Most import thing to look for are the components you need imho. You can build themselves, but if you can use something ready made, that helps of course. You would best take look at their gallery to see if you see something similar for your needs.

Kwpolska [3 hidden]5 mins ago
Avalonia is free and open-source. Avalonia MAUI currently appears to be MIT as well [0]. The pricing you’ve linked to is pricing for their paid offering, which wraps Avalonia and a WPF-style API for easy migration of legacy apps.

[0] https://github.com/AvaloniaUI/Avalonia.Controls.Maui/blob/ma...

exceptione [3 hidden]5 mins ago
From a quick look, I can't find a reason. why? Even MS doesn't fully believe in Maui, as it seems they reblessed WPF. For Avalonia to do the work of MS seems weird, their own free regular WPF-like Avalonia UI toolkit is already the standard for cross desktop development.

I was looking for the line: Microsoft sponsored us. Even then I would not understand why they would spend effort on a doomed project.
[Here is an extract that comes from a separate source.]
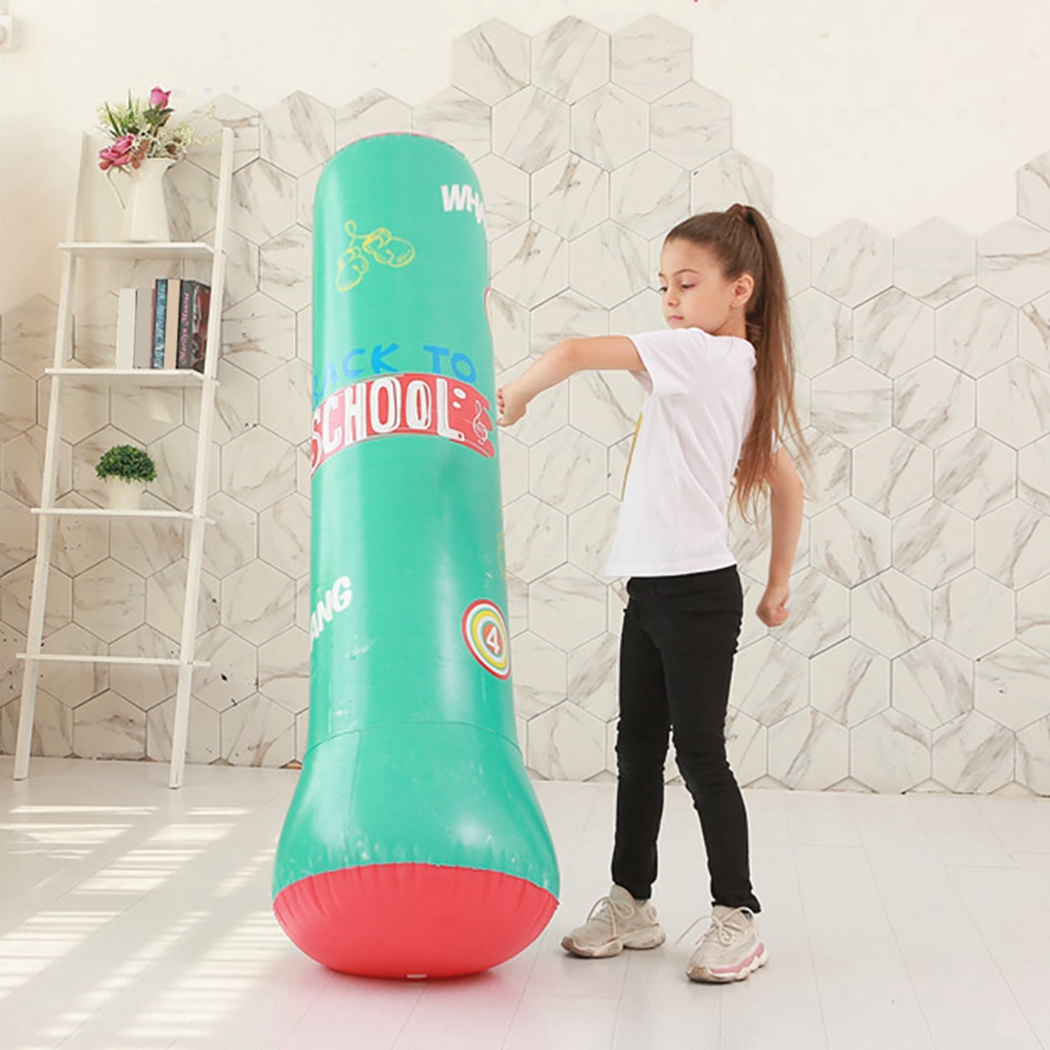 Sac De Boxe Gonflable Enfant 160cm Avec Gants - Punching Ball Sur Pied Stable (remplissage Eau/sable) - Cadeau Sport Karaté, Taekwondo 3-12 Ans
I know Avalonia being a small company has a big task ahead of porting Avalonia UI to Wayland, which makes porting MS semi-abandonware all the more confusing.
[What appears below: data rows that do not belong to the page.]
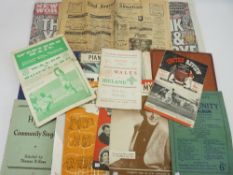 EPHEMERA - 1960s football programmes including 'Wales v Scotland 1962', Western Mail hymn sheet,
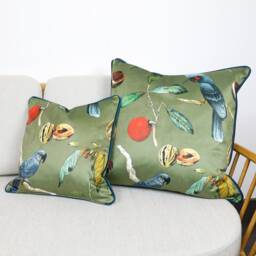 Olive Green Velvet Tropical Cockatoo Cushion Covers Botanical Jungle Birds With Contrast Teal Blue Piping By Ashley Wilde - thumbnail 2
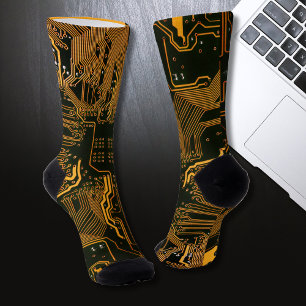 Geek Out Nerd PCB Orange Electronic Circuit Board  Socks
But since these people aren't idiots, I gladly assume I am missing something.

pjmlp [3 hidden]5 mins ago
The rewrite from Xamarin.Forms into MAUI, has given a bad taste to many in the community, and kudos to Avalonia to make it happen on GNU/Linux.

By the way on macOS MAUI uses Catalyst as backend, not native macOS APIs.
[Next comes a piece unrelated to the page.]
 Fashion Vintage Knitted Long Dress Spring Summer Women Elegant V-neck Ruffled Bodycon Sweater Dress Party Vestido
Also it is kind of interesting that Miguel de Icaza, nowadays completely switched into Swift ecosystem, and is the responsible for making game development on iPad with Godot a reality. Or porting old .NET ideas of his into Swift.

politelemon [3 hidden]5 mins ago
I like the possibilities this opens up but I'm struggling to understand how wasm is involved. I had the impression it doesn't have a user interface, but it's called by javascript instead.
CodesInChaos [3 hidden]5 mins ago
https://avaloniaui.net/platforms/wasm

> Avalonia renders through Skia compiled to WebAssembly

I'd guess it builds on Skia CanvasKit and renders to an HTML Canvas element.

https://skia.org/docs/user/modules/canvaskit/

blendergeek [3 hidden]5 mins ago
Just a reminder that this MAUI has nothing to do with the pre-existing cross platform UI framework MauiKit from MAUI Project.

https://mauikit.org/

tonyedwardspz [3 hidden]5 mins ago
Excited for this. I do wonder how much effort it will be to get an existing app working with this.
soumyaskartha [3 hidden]5 mins ago
Microsoft adding Linux support for yet another framework nobody asked for while WinForms still exists in 2026 is very on brand.
louhike [3 hidden]5 mins ago
Avalonia is not made by Microsoft and is often considered as one of the best way to make desktop app with .NET.
Pay08 [3 hidden]5 mins ago
I can understand the confusion, Microsoft also has a framework called MAUI.
LeFantome [3 hidden]5 mins ago
The MAUI they are talking about is the Microsoft framework you are referencing.

MAUI is Open Source but Microsoft does not provide a Linux back-end. This is a non-Microsoft effort to bring Linux support to MAUI.

pie_flavor [3 hidden]5 mins ago
The Microsoft MAUI framework is the one being brought to Linux by Avalonia, yes.